Dear Reader (there's only one of you, right?),
The schizophrenic streets of North Texas feature no shortage of commuting personalities. Sometimes they're speeding by at 80 MPH and I have to make swift mental notes and other times they're just poking along at 35 and I have plenty of time to study these species.
Let me first discuss a driving phenomena that, in my experience, only happens here: going BELOW the speed limit! Being fresh from New York's mean streets it's alarming and perhaps more dangerous than speeding, because people pull wild maneuvers around these mutant motorist.
A close relative to the speed limit underachievers is the cruise controllers. These drivers know only one speed and it usually hovers around 48 miles per hour, whether it's freeway, feeder road or residential, you can always rely on their reliability.
I know this happens everywhere, but it's definitely worth mentioning: "I go exactly the speed limit in the left-most lane and neither pass anyone, nor acknowledge that I am blowing it for EVERYONE!" It's a passing lane, not a loitering lane.
Truckers in the left lane. Again, passing lane, not a campsite. This strikes me as totally negligent and dangerous and what's worse is people tailgate the offending big rigs, yet cops see all of this and do nothing. The bigger and slower you are the further to the right you should stay.

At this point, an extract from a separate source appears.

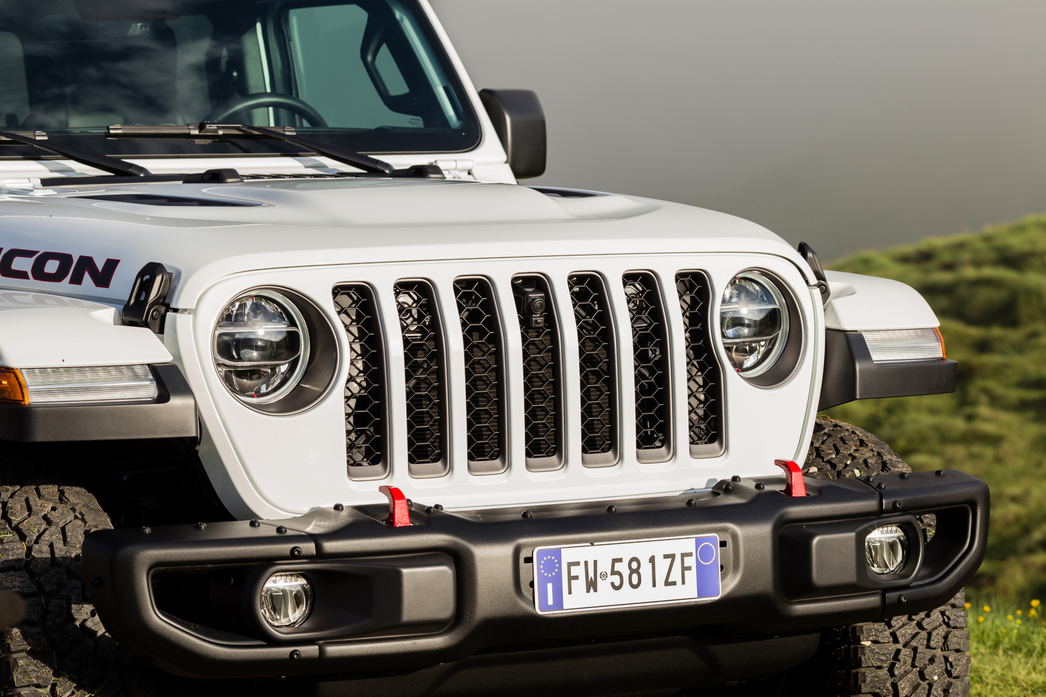 В базовом оснащении "Гладиатор" поставляется на 18-дюймовых алюминиевых дисках. Однако колесные арки позволяют "переобуть" авто в "обувь" большей размерности.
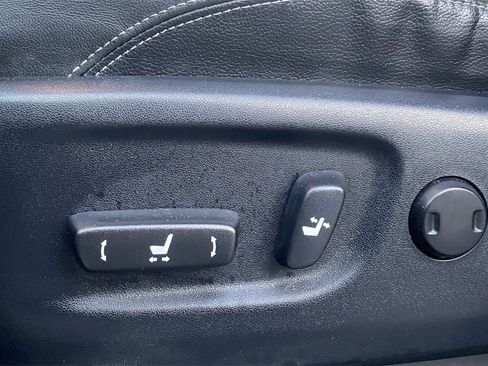 Used 2015 Toyota 4Runner Limited image 13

Crotch rocket boners. You've seen 'em, 20 and 30 somethings with backpacks and high tops, who seldom wear helmets and ride sports bikes from the east. The often speed in between lanes, frequently cut cars off and even more frequently piss drivers off. To ice the moronic motorcycle cake these buffoons pop crotch rocket boners at 90 miles an hour. The salesperson should be required to perform un-reversible vasectomies on the guys buying these ricecycles.
You know how in other countries they cut off your hands for stealing? It's brilliant, bring it to the US; any time a driver causes a crash because they didn't use a turn signal, they should lose a finger, if not a hand. This is not just a Texas thing. How do you think those efficient German engineers of your VW Rabbit feel knowing that you won't even bother flicking your wrist to signal which way you're turning? A quick reminder: flick up for right and flick down for left and I won't flick you off. Thanks.

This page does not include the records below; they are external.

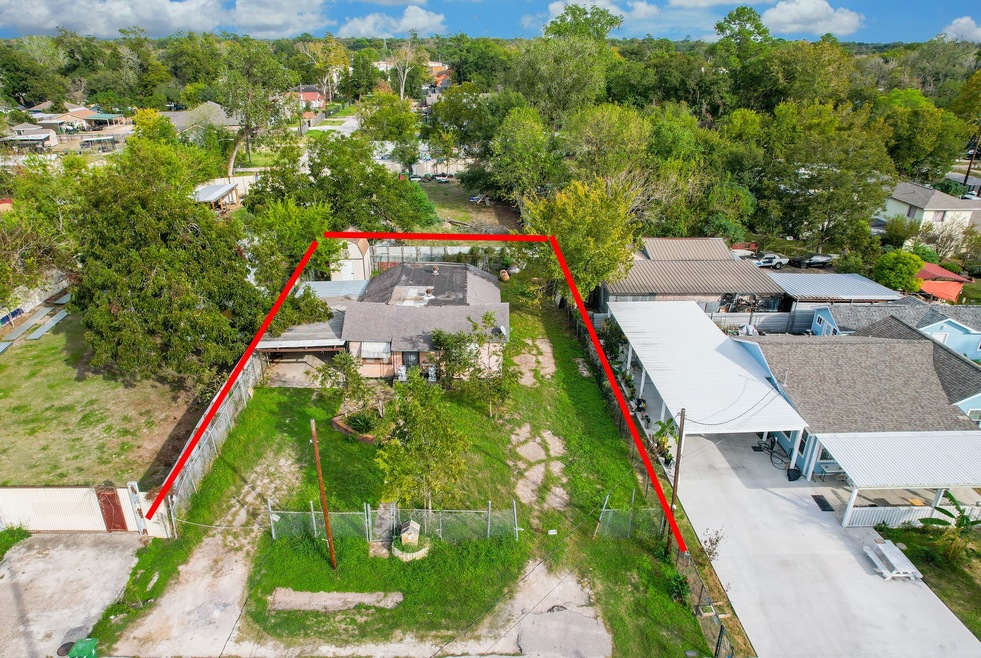 8038 Nellie St, Houston, TX 77022 - photo 1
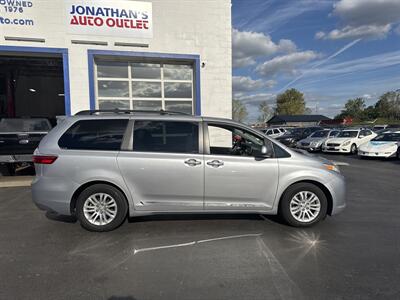 2017 Toyota Sienna XLE 8-Passenger   - Photo 20 - West Chester, PA 19382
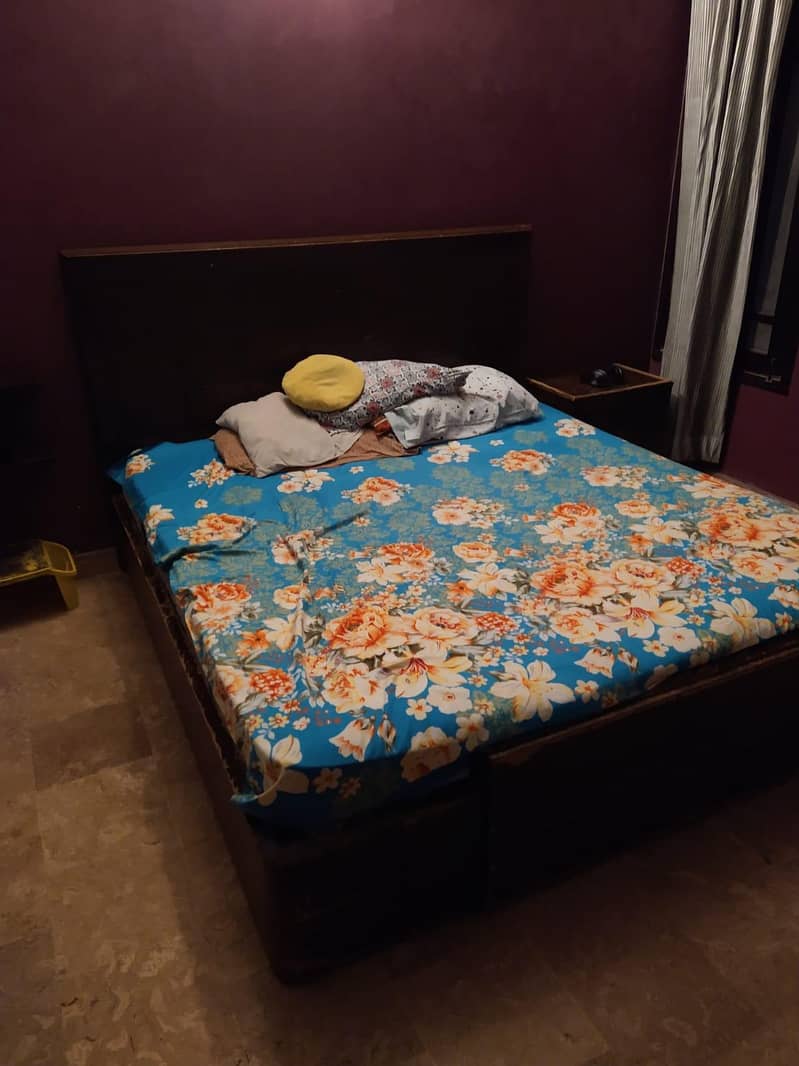 King Size Bed 1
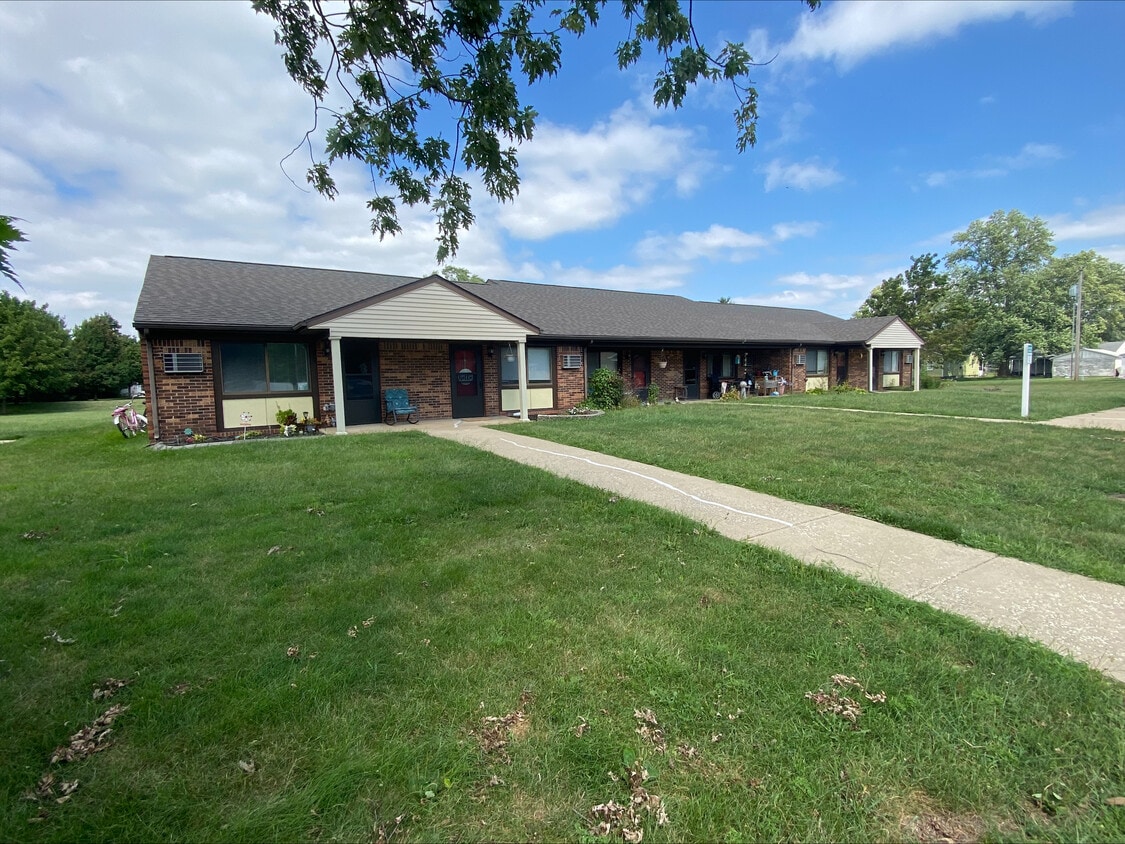 Primary Photo - Country Place-Argenta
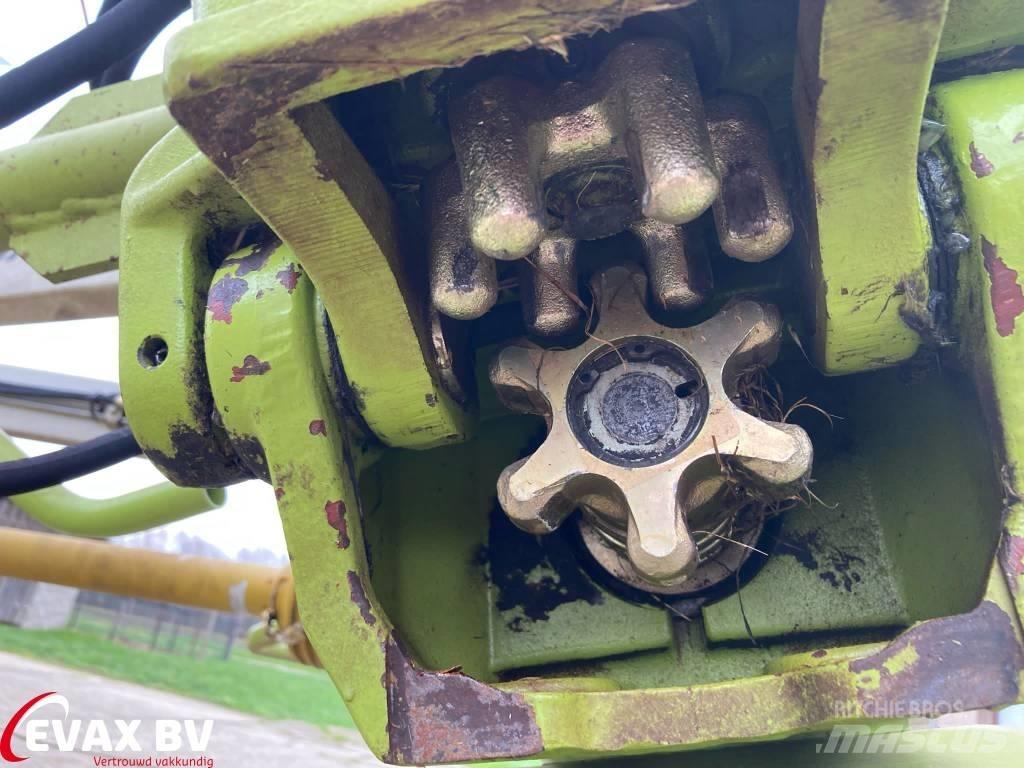 CLAAS Volto 870 T Pöyhimet ja haravat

Speaking of directional signals, in DFW if you flick that signal, you better move fast. Using a turn signal here is like picking a road fight. Every jerk on the road will either speed up or slow down to hinder your proposed lane change. But I'm a firm believer in turn signal employment, so I'm adapting.
Unannounced lane changes are common on North Texas roadways, but it still comes as a surprise to me when someone will dive across 3 lanes of 60 MPH traffic into a bypass just to avoid one light. It makes me wonder if this is some kind of wild afterthought by someone who hasn't traveled this thoroughfare or if the driver is fully aware of the bypass and just likes to gamble.